━━━━━ Data provided ━━━━━

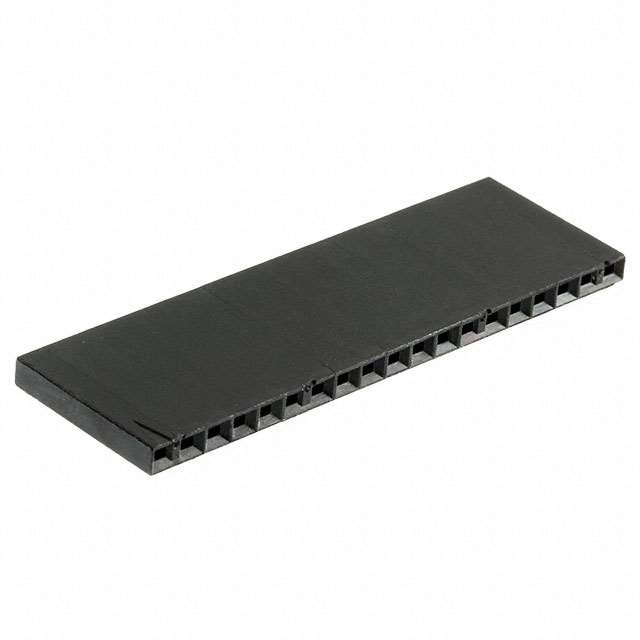 19 Rectangular Connectors - Housings Header Black 0.100 (2.54mm)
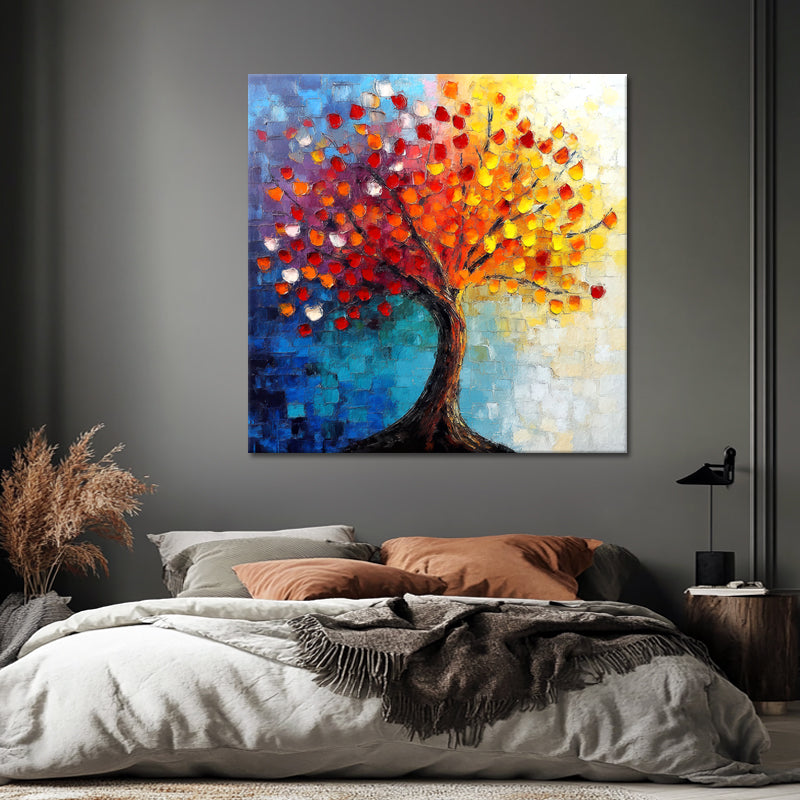 Gemälde bunter Baum III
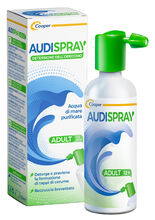AUDISPRAY ADULT SOLUZIONE DI ACQUA DI MARE IPERTONICA SPRAY SENZA GAS DETERSIONE ORECCHIO 50 ML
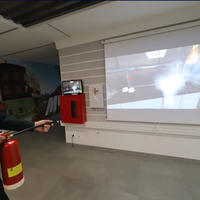 Système de projection interactif laser double lumière pour la lutte contre les incendies, simulateur d'entraînement à l'extincteur 3D
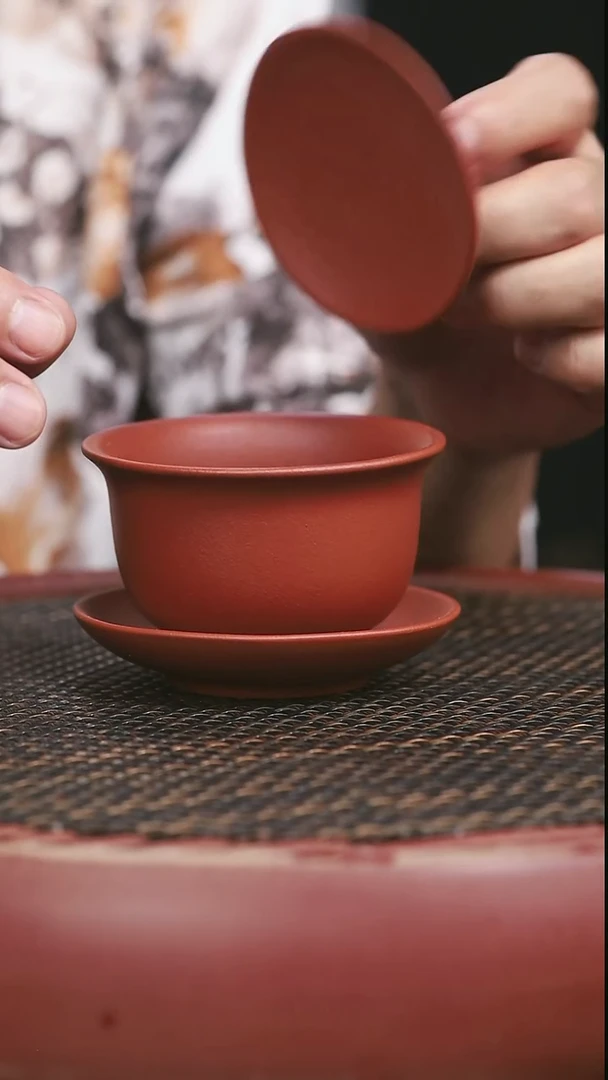 茶壶紫砂小红泥盖碗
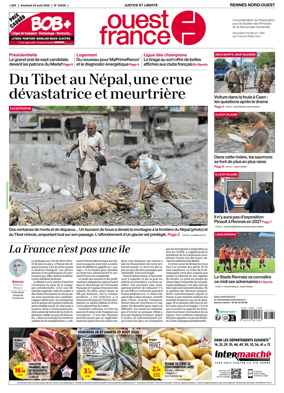 Cover of Ouest-France (Rennes Nord-Ouest)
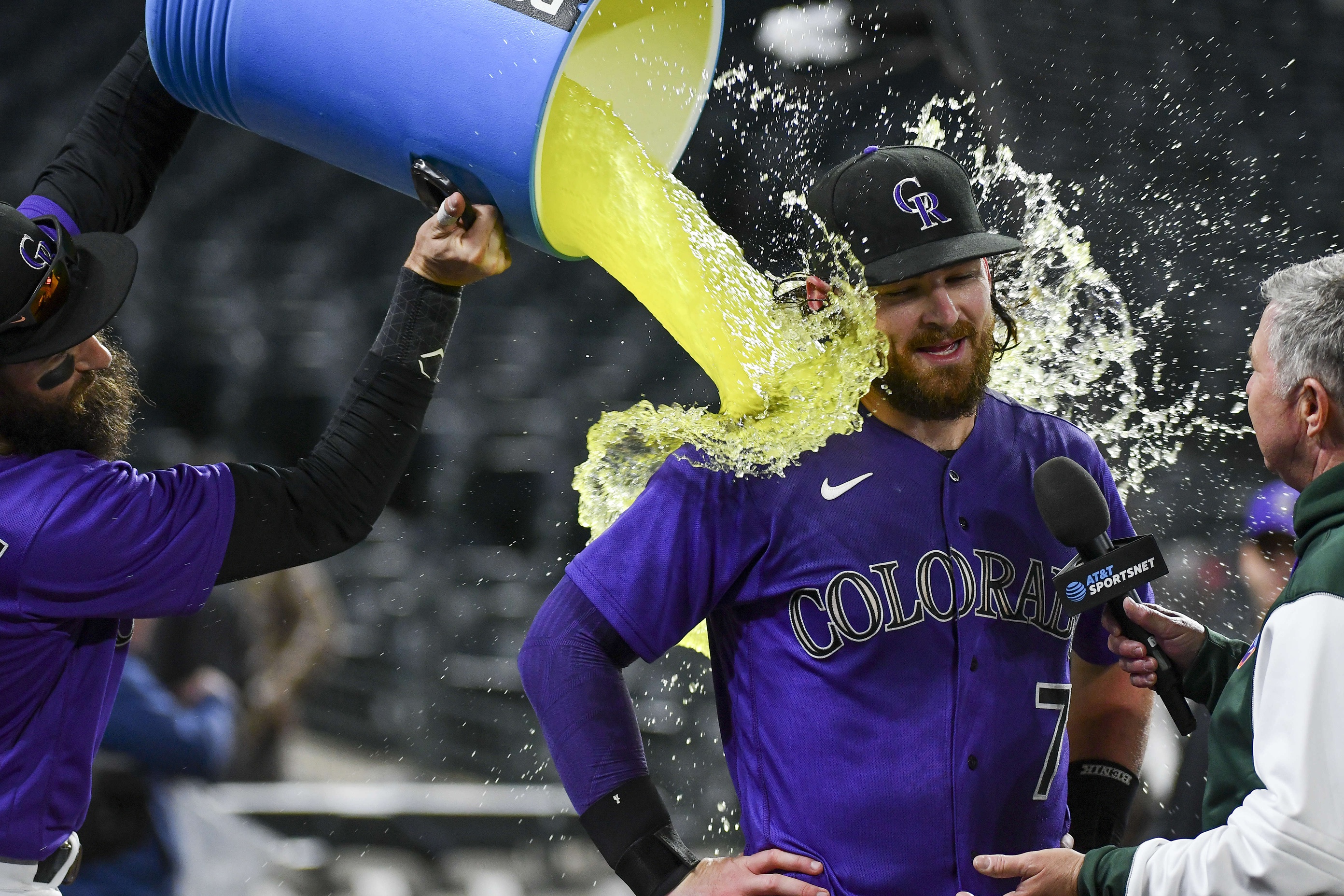 MLB: Game Two-Miami Marlins at Colorado Rockies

━━━━━

> _Your objective_
An exact reproduction of all the records is required, with no pictures included.

> _Output for this exercise_
 19 Rectangular Connectors - Housings Header Black 0.100 (2.54mm)
 Gemälde bunter Baum III
AUDISPRAY ADULT SOLUZIONE DI ACQUA DI MARE IPERTONICA SPRAY SENZA GAS DETERSIONE ORECCHIO 50 ML
 Système de projection interactif laser double lumière pour la lutte contre les incendies, simulateur d'entraînement à l'extincteur 3D
 茶壶紫砂小红泥盖碗
 Cover of Ouest-France (Rennes Nord-Ouest)
 MLB: Game Two-Miami Marlins at Colorado Rockies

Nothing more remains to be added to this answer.